8.9 No Solicitation or Negotiation. Unless and until this Agreement is terminated, neither Seller nor any Shareholder shall, nor shall any of them cause, suffer or permit any of their directors, officers, employees, representatives, agents, investment bankers, advisors, accountants or attorneys to, initiate or solicit, directly or indirectly, any inquiries or the making of any proposal that constitutes or could be reasonably expected to lead to an Alternative Proposal from any Person, or engage in any discussions or negotiations relating thereto, or accept any Alternative Proposal, or make or authorize any statement, recommendation or solicitation in support of any Alternative Proposal, or provide any confidential information or data to any Person with respect to any Alternative Proposal, or otherwise facilitate, attempt to seek or continue any of the foregoing. Seller or such Shareholder who receives any of the foregoing shall notify Buyer orally and in writing of the receipt of any such inquiries, offers or proposals (including term and conditions of any such offer or proposal, the identity of the Person making it and a copy of any written Alternative Proposal), as promptly as practicable and in any event within forty-eight (48) hours after the receipt thereof, and shall keep Buyer informed of the status and details of any such inquiry, offer or proposal.

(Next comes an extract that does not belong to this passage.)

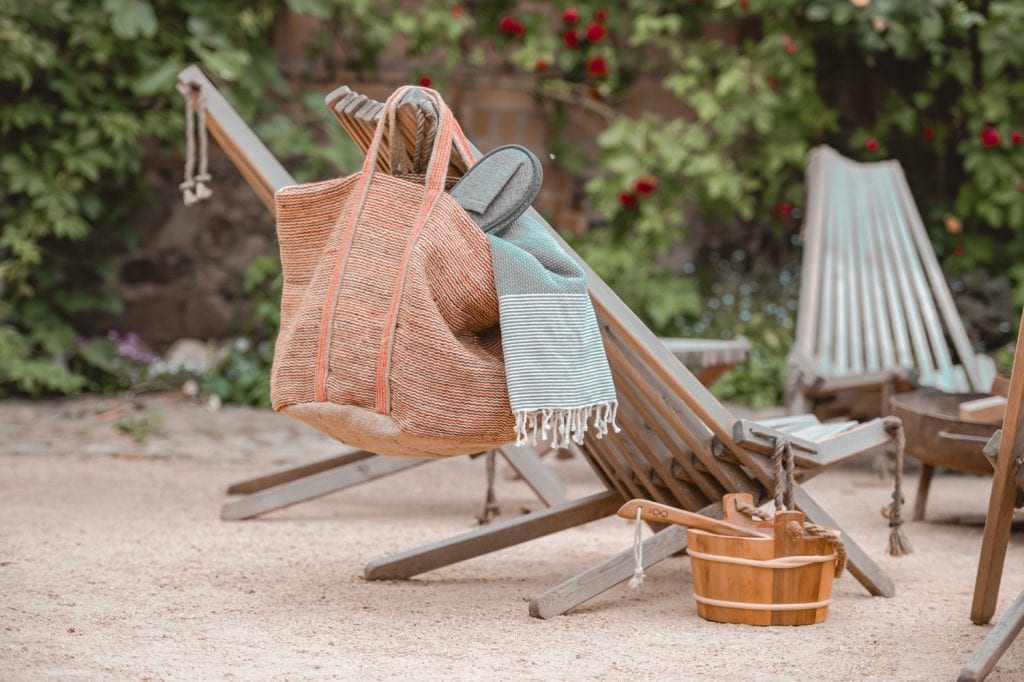 Entspannter Strandstuhl mit Tasche und Handtuch im gartenähnlichen outdoor Bereich.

8.10 Risk of Loss. Seller hereby assumes all risk of loss, damage and destruction to all or any part of the Purchased Assets until the Effective Time from any cause whatsoever, whether or not Seller is insured therefor, including, but not limited to, fire, flood, accident, acts of God, earthquake, insurrection, riot, or other causes commonly referred to as force majeure events. Seller further assumes all risk until the Effective Time of any Seller Material Adverse Effect from any cause whatsoever.
8.11 Transition Assistance. Seller will use reasonable efforts (without incurring costs) to assist Buyer in transitioning third party provided services such as internet access, utilities, phone service, etc. and in transitionary licensees.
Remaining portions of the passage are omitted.